I heard someone say "This is what the insides of the earth look like" whilst visiting some caves in Kefalonia, and for some reason it kind of stuck with me. So thanks for the inspiration, random stranger! :)


More mythology poems:
.diana
.ceres

Wednesday, 4 August 2010

.ceres

.

Harvest rolls round again. We root up the ground, and in the remains,
bury our dead. One day, it’s said, she’ll just stop loving us. Stop giving.
There is a limit to all things. To every word, half-bitten back
in the cheek; to every outstretched reach; to every breath, choked
down. Ceres, the devoted. The sorrowing. Note: the two are remote
yet inseparable. To mother is to hold love in one hand, loss in the other,
and fix them into the bone cradle of your chest, right and left.
It is a savage rite of passage.

So when Ceres steps from cities of corn to streets of crowded houses,
the fields of open mouths seem to glut, swallow her up. She sees
her ruched brown seeds feed those who hunger, not those who need,
and it shakes her to the core. No more the mother of all - just grass.
We see her now through a glass, darkly, as she breaks, face by face. Our traced
smiles sewn stark, child’s eyes swapped for magpies’. Greed is gold.
Love is loss. Her tears flow fertile as she folds, breaks down into the land -
bone in bowel, heart in hand.

.

* * *

Two poems in as many days? I must be on a roll! See, I wasn't lying about the whole mythology series thing either!

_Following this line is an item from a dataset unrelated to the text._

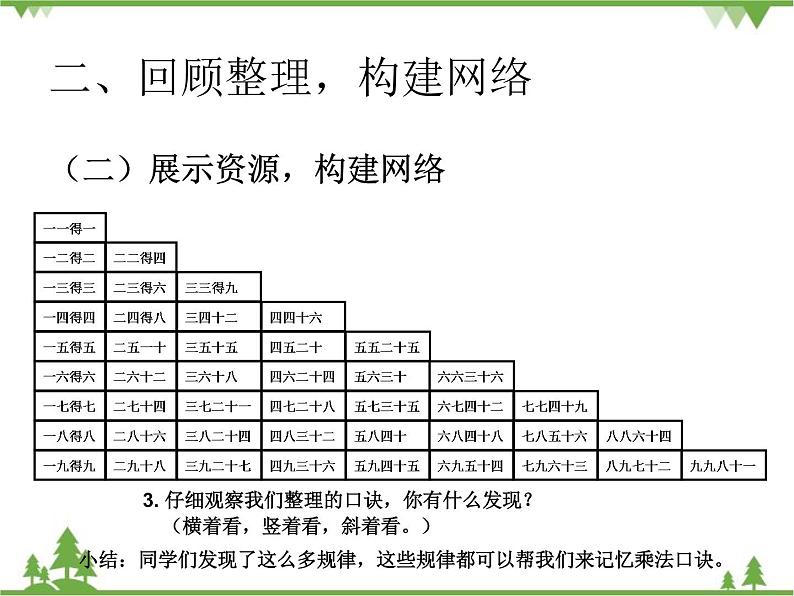 人教版数学二年级上册 六单元整理和复习6（课件）第5页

Ceres is described as the Eternal Mother, the Sorrowing Mother, goddess of agriculture, crops, civilisation, and the love a mother bears for her child. She was protectress of women, motherhood, marriage, and her worship involved fertility rites and rites for the dead.

Please do read this in its proper format on my dA page.


More mythology poems:
.diana

Tuesday, 3 August 2010

.diana

.

There will be thick sleep tonight. Drugged on the dull anaesthesia of lullabies,
even the anchorless feel the tug of the deep, consuming like a love, a hunger.
Above, the moon sucks in the sky like a craving, wide-eyed. Dilate. Diana ditched
the forest for the midnight; she's stitched herself to the undersides of stars.
She spears and speaks through the mouths of clouds. Moondrunk, she's sunk
into the currents of our mumbled conversations; our fumbled demonstrations
of humanity. Hunting a heartbeat amongst a fleet of ghosts.

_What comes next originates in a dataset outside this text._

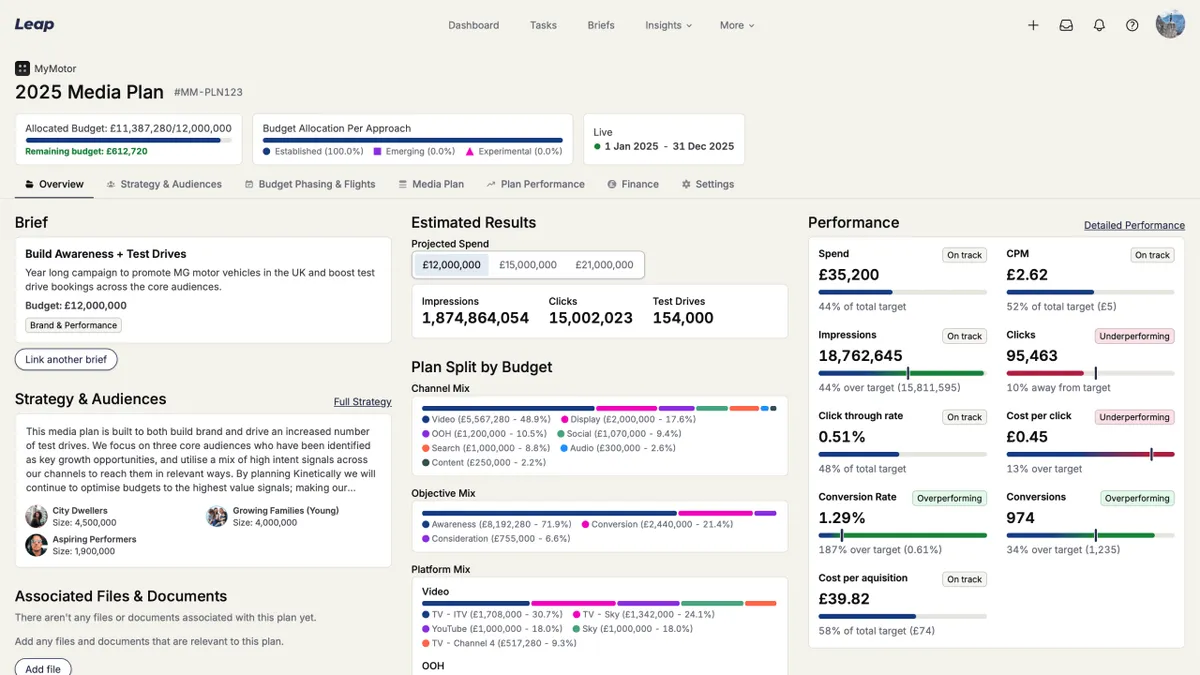 Dashboard showing a media plan timeline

Sleep is her uncountry; the estuary that feeds her sea of sky. She steers
past the arms of drowned suns and daughters that reach from the waters.
Taking names, notes. Traces of heartbreak in the wake of her boat.

War-torn wishers, we flit and fall like sycamore seeds, feeling not high, but afloat.
Even here she hounds us, smiling like a child, dog-hearted. She is ellipsis, eclipse,
the call of the wild slipped behind the scythes of her fingernails. We close
on the guise of the city, the immutable face of a father, and collapse back
to our tiny premature deaths: sleepscorched breath and the smell of surgery.
Flight, distilled. Diana sits and sighs, the virgin queen, unravelling the night
into morphine; saline; the salt of sleepdust rusting round the eyes.

.

* * *

I wrote a lot about sleep whilst I was away. This is largely made up of ideas I salvaged from the wreckage of my attempt at a longer project...
Anyway, at least Greece (and its amazing mythology) was inspirational. I might make a series of these.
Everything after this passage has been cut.